Les OLS portent ainsi des stratégies de construction neuve dans les marchés immobiliers à forte vacance. Ils plaident souvent, à l’échelle intercommunale pour une diminution globale de la production de logements, privée y compris, notamment dans le cadre de la révision des objectifs de production inscrits dans les programmes locaux de l’habitat. A l’échelle de leur patrimoine, la construction de logements neufs est conçue comme un moyen de repositionner l’offre : en termes de publics avec le déploiement de logements destinés à des publics spécifiques (résidences seniors, foyers de jeunes travailleurs, logements pour internes de médecine, etc.) et de logements individuels ; en termes spatiaux à travers une concentration de la production dans les villes et centres-bourgs où les services sont les plus développés.

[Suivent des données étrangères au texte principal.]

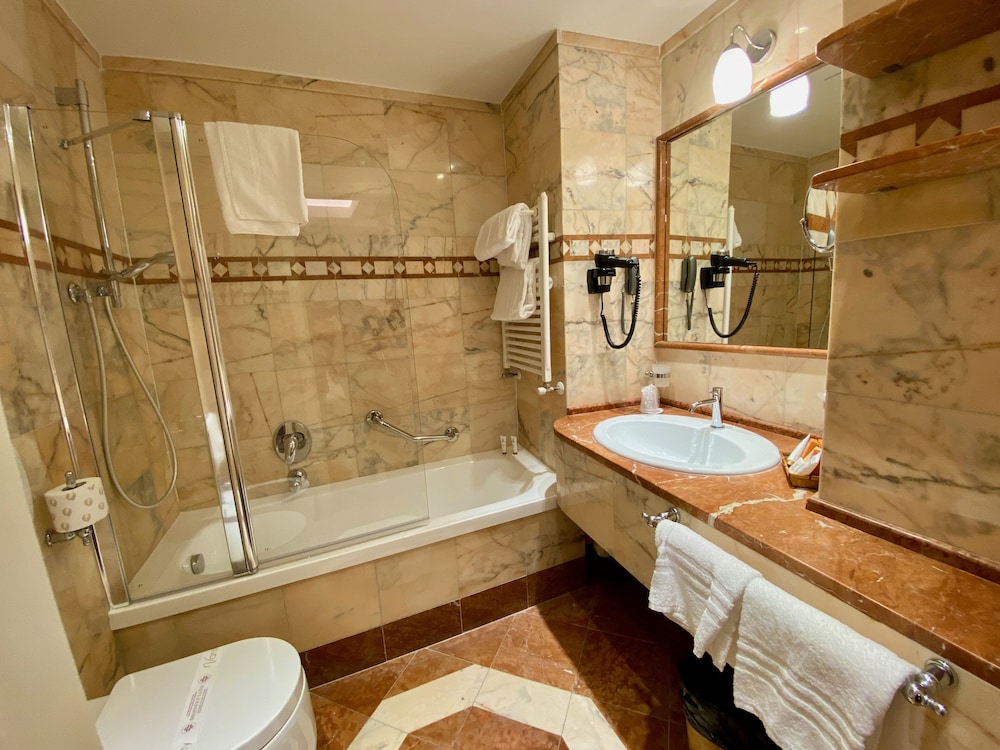 Standard Double Room thumbnail 6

Pour les bailleurs, agir sur la vacance, passe aussi par la mobilisation des services de gestion locative. Si la gestion de la vacance est une activité inhérente au métier de bailleur, l’ampleur du phénomène incite les OLS à mobiliser davantage de moyens pour limiter la vacance. Les actions mises en œuvre peuvent aussi entrer en tension avec des objectifs d’égalité d’accès au logement, de mixité sociale ou de maîtrise des dépenses.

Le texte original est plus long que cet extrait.